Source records
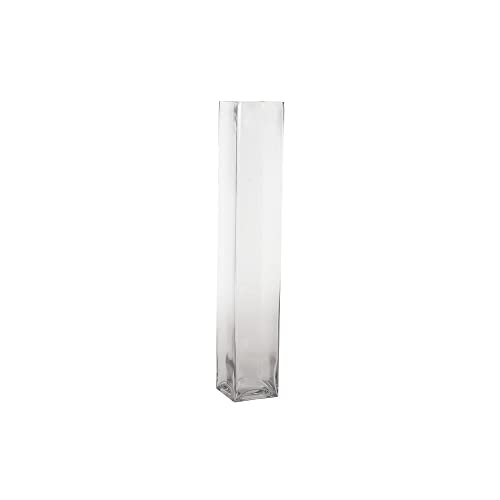DKD Home Decor Vase aus Glas, transparent, 10 x 10 x 60 cm von DKD Home Decor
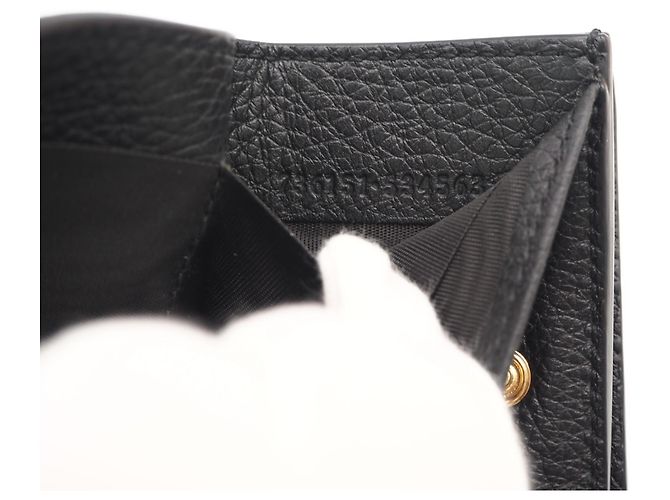 Portafoglio compatto in pelle con logo Gucci Nero - vista 12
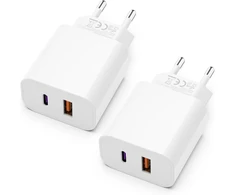 Usb c įkroviklis su usb adapteriu [2 in 1] 2 vnt. įkrovimo adapterių rinkinys, skirtas iphone/ipad/ausinėms/mobiliųjų telefonų maitinimo šaltiniui, kelių įkrovimo kištukų pd 3.0 greitas įkroviklio lizdas usb-c kištukinis įkroviklis, be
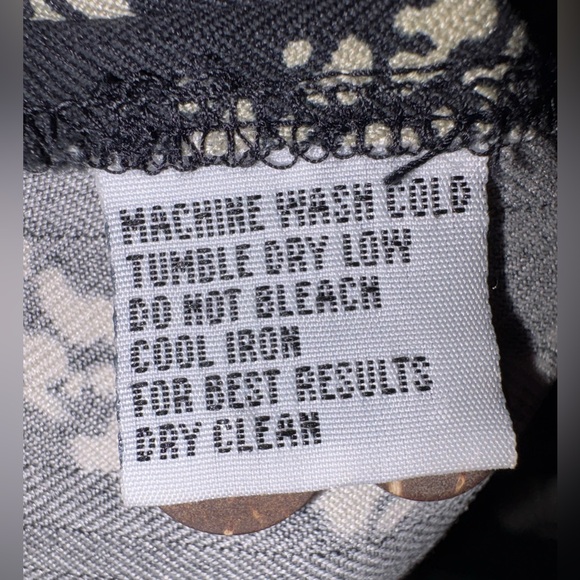 Vintage Tommy Bahama Men’s Hawaiian Button Up Shirt M 100% silk Blue w/shells - Picture 5 of 6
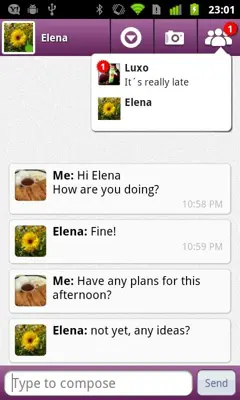 Go!Chat Yahoo android App screenshot 0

▸ Action item: The response consists of the data above printed line for line, with no pictures.

▸ The completed task:
DKD Home Decor Vase aus Glas, transparent, 10 x 10 x 60 cm von DKD Home Decor
 Portafoglio compatto in pelle con logo Gucci Nero - vista 12
 Usb c įkroviklis su usb adapteriu [2 in 1] 2 vnt. įkrovimo adapterių rinkinys, skirtas iphone/ipad/ausinėms/mobiliųjų telefonų maitinimo šaltiniui, kelių įkrovimo kištukų pd 3.0 greitas įkroviklio lizdas usb-c kištukinis įkroviklis, be
 Vintage Tommy Bahama Men’s Hawaiian Button Up Shirt M 100% silk Blue w/shells - Picture 5 of 6
 Go!Chat Yahoo android App screenshot 0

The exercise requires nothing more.